A cause of action for malicious prosecution accrues only when the underlying criminal proceeding terminates in plaintiff's favor. Id. at 654-55. Under Kansas law, a judgment is not effective "unless and until a journal entry or judgment form is signed by the trial judge and filed with the clerk of the court." Kan. Stat. Ann. 60-258. Here, the criminal proceedings against Mr. Calia did not terminate in his favor until December 27, 1991, the date of the journal entry. Therefore, his claims based on malicious prosecution were timely.
Although the conspiracy claim is not time-barred, it does not contain specific allegations of fact "showing agreement and concerted action among" the defendants. Hunt v. Bennett, 17 F.3d 1263, 1266 (10th Cir.), cert. denied, 115 S.Ct. 107 (1994). "Conclusory allegations of conspiracy are insufficient to state a valid 1983 claim." Durre v. Dempsey, 869 F.2d 543, 545 (10th Cir.1989). The claim was properly dismissed, therefore. See, e.g., United States v. Sandoval, 29 F.3d 537, 542 n. 6 (10th Cir.1994)(holding appellate court can affirm on any ground for which there is record support, even if not relied on by district court).
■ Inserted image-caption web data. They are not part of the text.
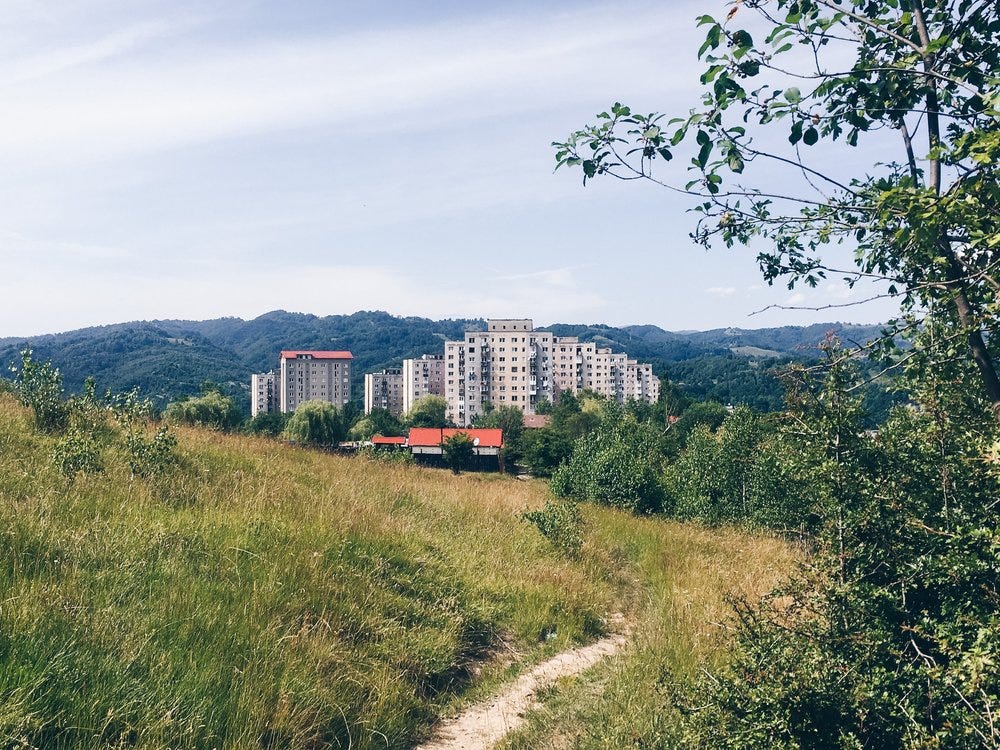 The neighborhood of Dallas in Vulcan, Romania. Ten story communist blocs as seen from a forest path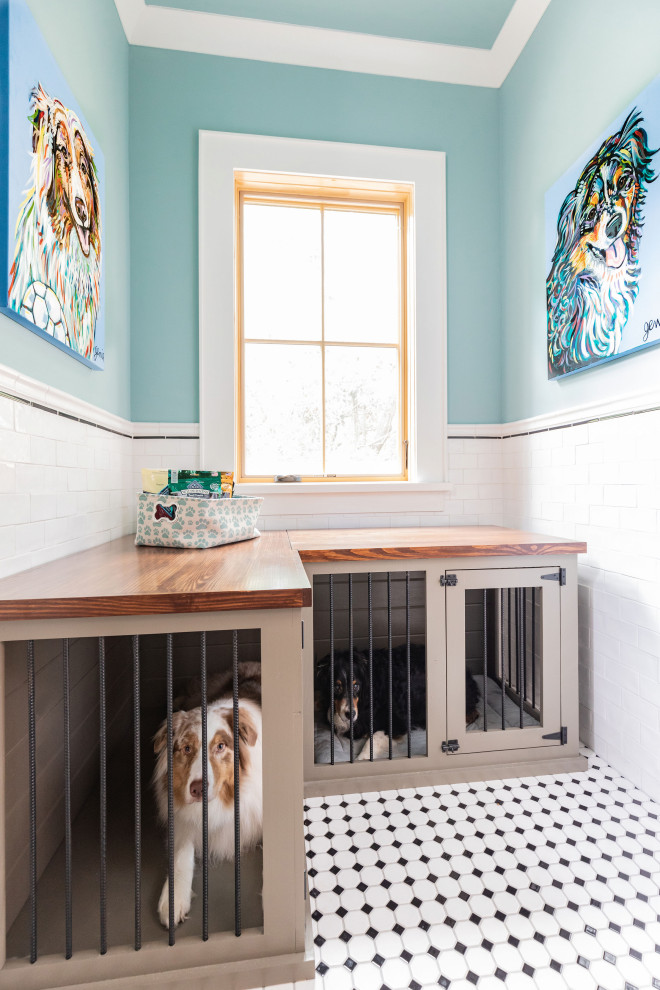 Inspiration for a large country l-shaped dedicated laundry room in Houston with an undermount sink, shaker cabinets, black cabinets, granite benchtops, blue walls, ceramic floors, a side-by-side washer and dryer, multi-coloured floor and black benchtop.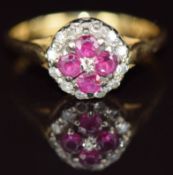 An 18ct gold ring set with four rubies surrounded by diamonds, 3.8g, size N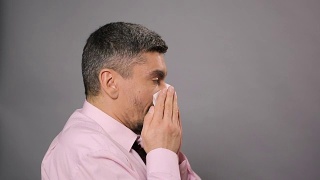 鼻炎,过敏病。患病男性打喷嚏并用纸巾擦鼻子视频素材模板下载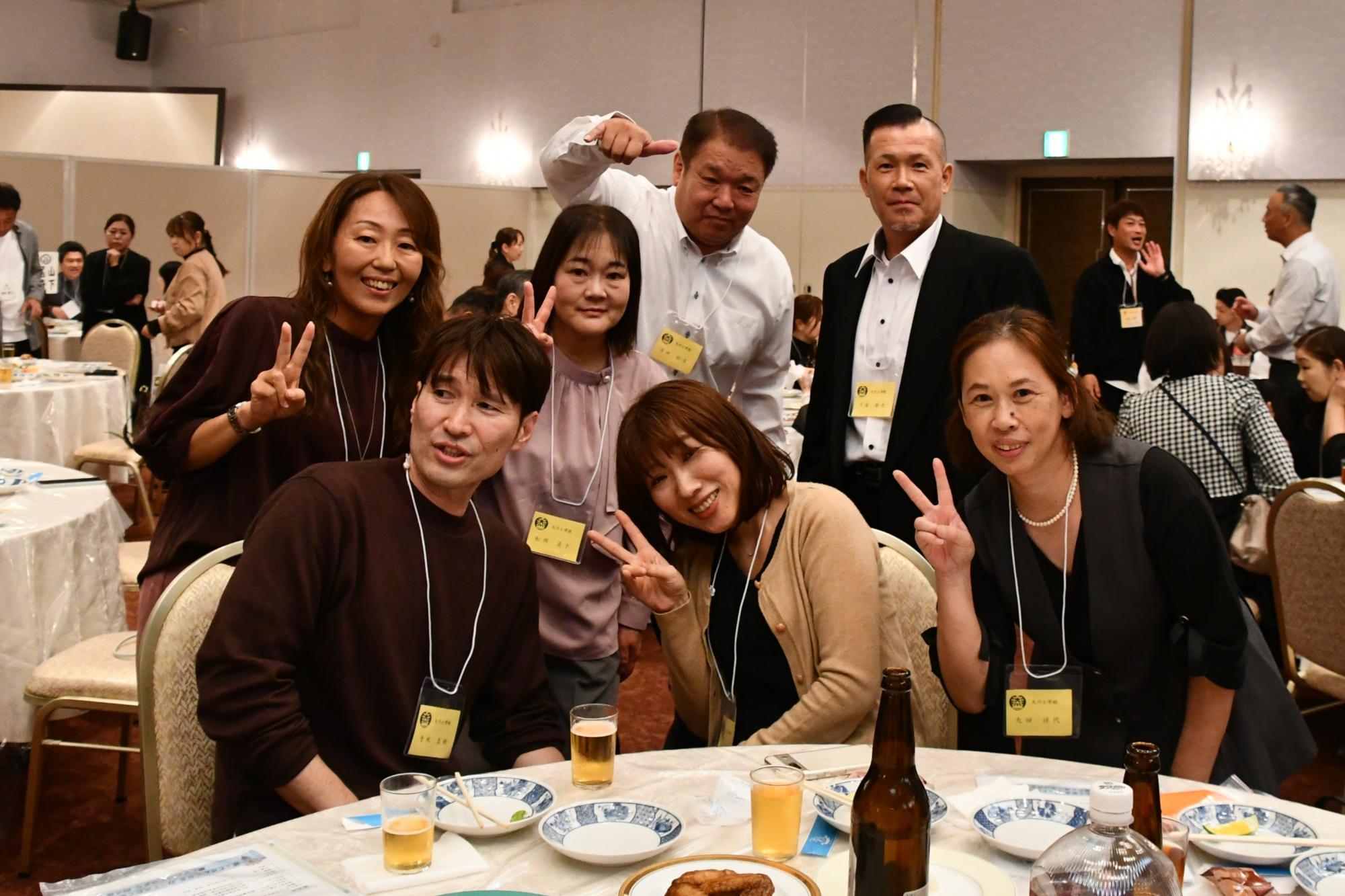テーブルを囲みポーズをとる大川小出身の男女7人の写真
Because two of Mr. Calia's federal claims remain viable, the district court's dismissal of the state law claims must be vacated. On remand, the district court should examine whether the federal malicious prosecution and unlawful policy/failure to supervise claims are barred by absolute immunity and whether a county policy is sufficiently alleged.
The judgment of the United States District Court for the District of Kansas is AFFIRMED in part, REVERSED in part, and REMANDED for further proceedings. The mandate shall issue forthwith.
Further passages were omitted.